To start, let’s make one thing clear: No matter what went down between the two senators in December, a woman very much can win an election to lead a country. Just look at Sri Lanka, Argentina, Portugal, the United Kingdom, Norway, Canada, Haiti, or any of the nearly 60 countries that have had a woman leader, per CNN. And, as Sanders himself told CNN, “after all, Hillary Clinton beat Donald Trump by 3 million votes in 2016.”
Furthermore, according to a report from the Upshot out of the New York Times, when women run for political office, they are just as likely as men to be elected. The reason we’re so far away from gender parity — in which there are as many women and men — in elected office is due in part to the fact that women don’t run as frequently as men do. There's a variety of reasons behind why this is, including everything from girls not being encouraged to think about politics as a viable career in the same way that boys are, to women not being recruited in the same ways as their male counterparts, according to POLITICO. That's changing — 2018 saw twice as many women candidates than 2016 — but it's changing at a slow pace.
So the problem certainly isn’t necessarily that a woman can’t win the presidency, but it might be that voters don’t think a woman can win.
According to research out of LeanIn.Org from August 2019, a majority of voters think it will be harder for a woman to win a presidential election because Americans aren't ready. In fact, only 16 percent of voters believe most Americans are “very ready” or “extremely ready” for a woman president. This, despite the fact that they actually are ready: a majority of voters said they are “very” or “extremely” ready for a woman president. So perhaps they just don't realize other voters are ready, too. Overall, just 12 percent of voters are “not at all ready” for a woman president; 10 percent are “slightly ready;” and 77 percent of voters are “moderately,” “very,” or “extremely” ready for a woman president. Democrats are more ready than Republicans for a woman president; Black women are more ready than white men; younger voters are more ready than older voters.
The poll shows that there are plenty of reasons voters think it will be harder for a woman to win beyond believing that other voters aren’t ready for a woman president: Women candidates face specific kinds of sexism that their male counterparts often avoid; respondents don’t believe a woman can beat Trump; there hasn’t ever been a woman president; Clinton lost the last election; and some even said the women running aren’t qualified or skilled enough.

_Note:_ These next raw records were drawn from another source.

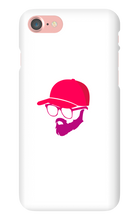 shirk3n iPhone Phone Cases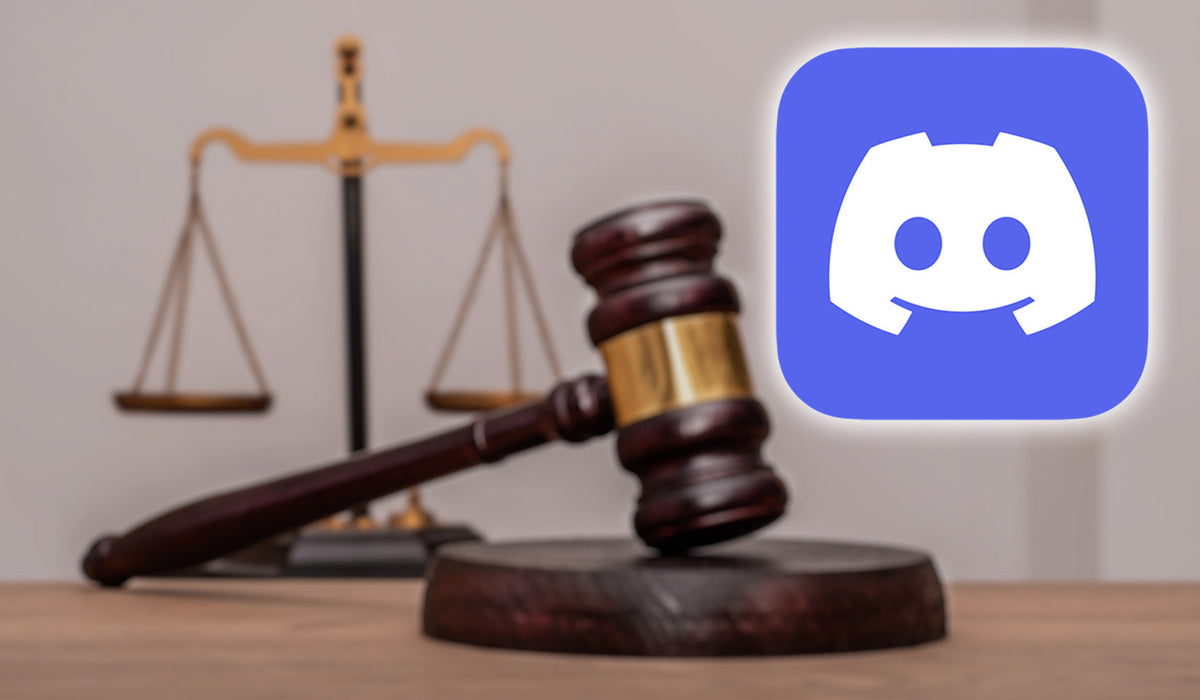 Discord is Facing New Lawsuits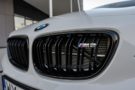 M Performance BMW M2 F87 StreetArt Tuning 11 135x90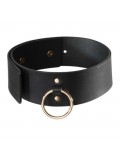 MAZE - WIDE CHOKER BLACK image 8436562011116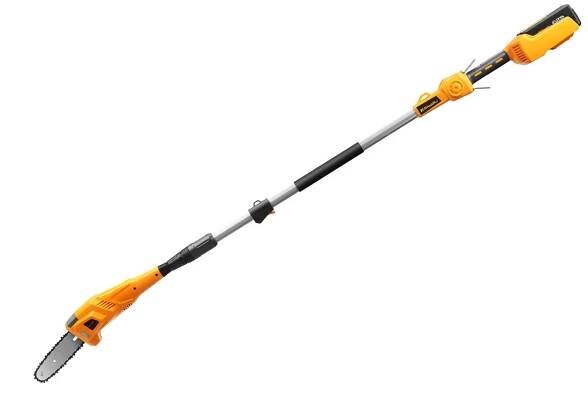 Riwall Pro Raps 2040 od 2 154 Kč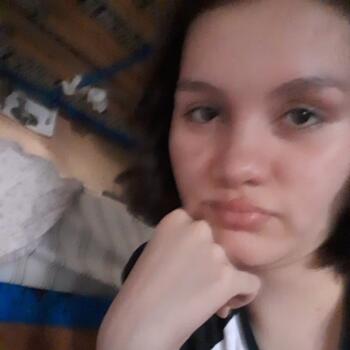 Niñera en José C. Paz: Camila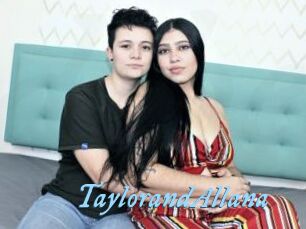 TaylorandAllana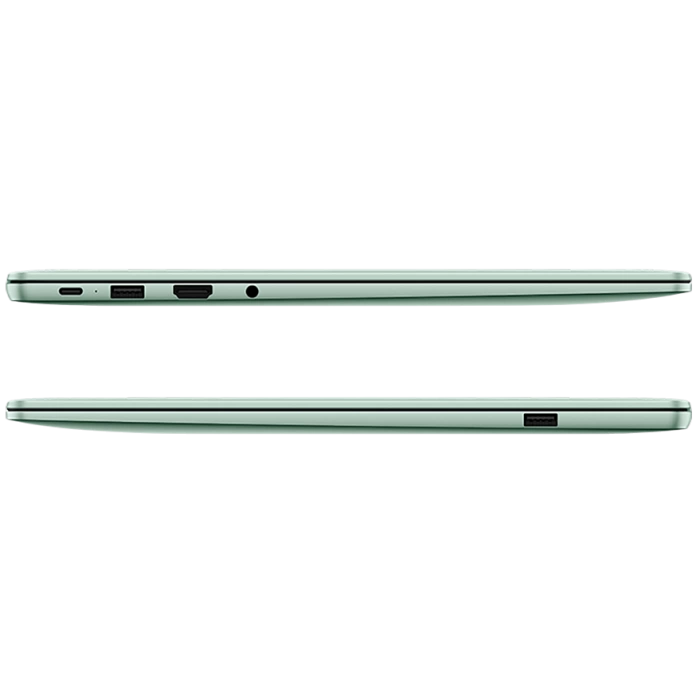 Купить Ноутбук HUAWEI MateBook 14/ U7/16/1T/DOS No Win (FlemingH-W7611T) Green в магазине stiltv.ru по низкой цене, фото номер 2
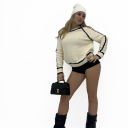 maglioncino girocollo luis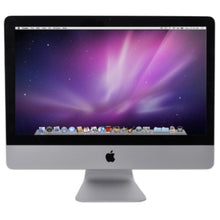 Apple iMac 21.5 Core i5-2400S Quad-Core 2.5GHz All-in-One Computer - 4GB 500GB DVD±RW Radeon HD 6750M/OSX (Mid 2011)- B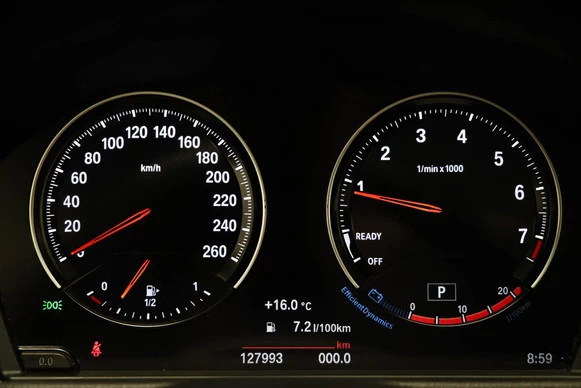 BMW X1 - Afbeelding 4 van 30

No matter why voters believe it will be harder for a woman to win, organizations like the Center for American Women in Politics and EMILY's List are fighting against that rhetoric to elect more women to office. And Rep. Ayanna Pressley (D-MA), who endorsed Warren's campaign, told BuzzFeed News reporter Addy Baird on Tuesday (Jan. 14): "In 2017, we held up signs that said, 'Today we march, tomorrow we run.' People didn't believe us and now we're serving in a Congress with an unprecedented number of women. The thing is, women are underestimated all the time."